Activists confront Antarctic poaching vessel

A handout photo from Sea Shepherd showing the Nigerian-flagged boat, the Thunder, in the Southern Ocean. (Sea Shepherd, Simon Ager, AFP)
A handout photo from Sea Shepherd showing the Nigerian-flagged boat, the Thunder, in the Southern Ocean. (Sea Shepherd, Simon Ager, AFP)

Sydney - Environmental activist group Sea Shepherd said on Thursday it had confronted a ship known for poaching Patagonian toothfish and other rare species in the Antarctic, as part of its efforts to target illegal fishing in the Southern Ocean.

Though the Nigerian-flagged boat, the Thunder, managed to speed away, Sea Shepherd said it remained in pursuit, threatening "to directly intervene in order to obstruct their continued illegal activities" if they did not report to Australian authorities.

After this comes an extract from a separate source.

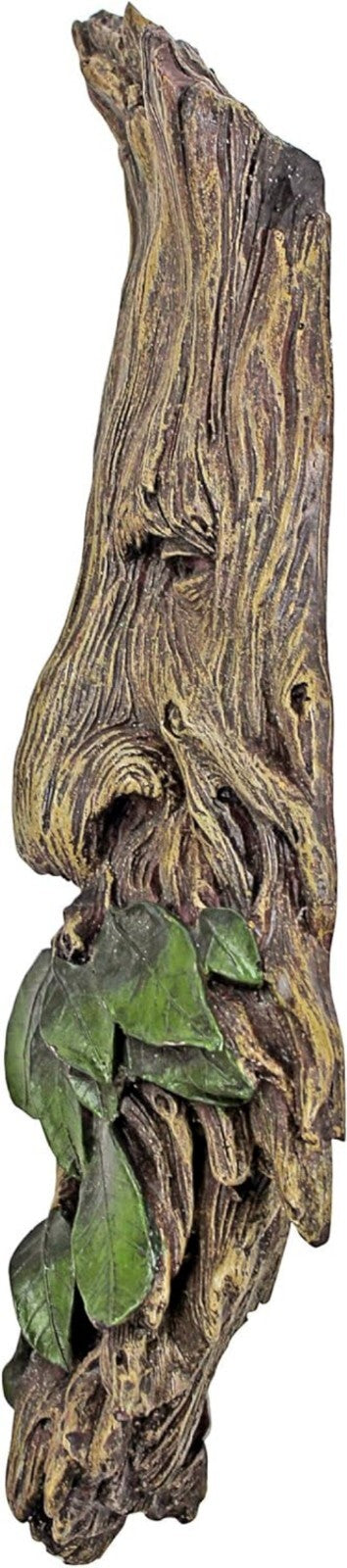 Whispering Wilhelm Tree Ent Wall Mount Plaque - Hand-Painted Home Decor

Sea Shepherd did not elaborate on what it meant by intervening, but during a decade of harassment that successfully saw off Japanese whalers the group used all manner of obstructions, including destroying fishing nets and even boarding boats.

Its lead ship, the Bob Barker, left Australia on 3 December and the group intercepted the Thunder in a fishing area regulated by the Commission for the Conservation of Antarctic Marine Living Resources (CCAMLR), a multi-national body.

Bob Barker skipper Peter Hammarstedt said he had notified the Thunder captain and his crew "that they have been placed under citizen's arrest".

"They must cease their illegal fishing activities immediately and report to the Australian authorities," he added.

"Should they ignore this order, I have notified the Thunder that Sea Shepherd has no choice but to directly intervene in order to obstruct their continued illegal activities."

The Thunder, on a list of boats deemed to have engaged in illegal, unreported or unregulated fishing activities by CCAMLR, was last seen steaming off to the west with the Bob Barker in pursuit.

Hammarstedt said he had notified CCAMLR authorities, the Australian Federal Police and Australian Fisheries Management Authority.

Toothfish live in Antarctic waters at depths of 300m to 2 500m and are long-lived species, which means they are vulnerable to over-fishing due to their slowness to mature.

Sea Shepherd said increased surveillance and patrolling of waters by authorities in Australia and New Zealand had improved the toothfish situation in some areas.

But illegal fishing by poachers was continuing in what the group calls the "shadowlands" of the Southern Ocean, which are extremely remote and outside national jurisdictions.

At least six illegal vessels are known to operate in the area close to Antarctica, the group said.

Toothfish are sold as Chilean sea bass which is popular in high-end restaurants. It sells primarily in the US, Europe and Japan, though there is also a growing market in China.